> _ACTIVITY_:
The expected output is the data below, restated word for word.

> _AVAILABLE DATA_:
===

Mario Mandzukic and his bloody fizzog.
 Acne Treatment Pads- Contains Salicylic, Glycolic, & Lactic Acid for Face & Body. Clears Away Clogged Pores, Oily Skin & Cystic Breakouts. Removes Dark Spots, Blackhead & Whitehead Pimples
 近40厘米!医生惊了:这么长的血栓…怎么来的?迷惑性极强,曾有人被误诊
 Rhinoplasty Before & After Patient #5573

===

> _ANSWER TO THIS TASK_:
Mario Mandzukic and his bloody fizzog.
 Acne Treatment Pads- Contains Salicylic, Glycolic, & Lactic Acid for Face & Body. Clears Away Clogged Pores, Oily Skin & Cystic Breakouts. Removes Dark Spots, Blackhead & Whitehead Pimples
 近40厘米!医生惊了:这么长的血栓…怎么来的?迷惑性极强,曾有人被误诊
 Rhinoplasty Before & After Patient #5573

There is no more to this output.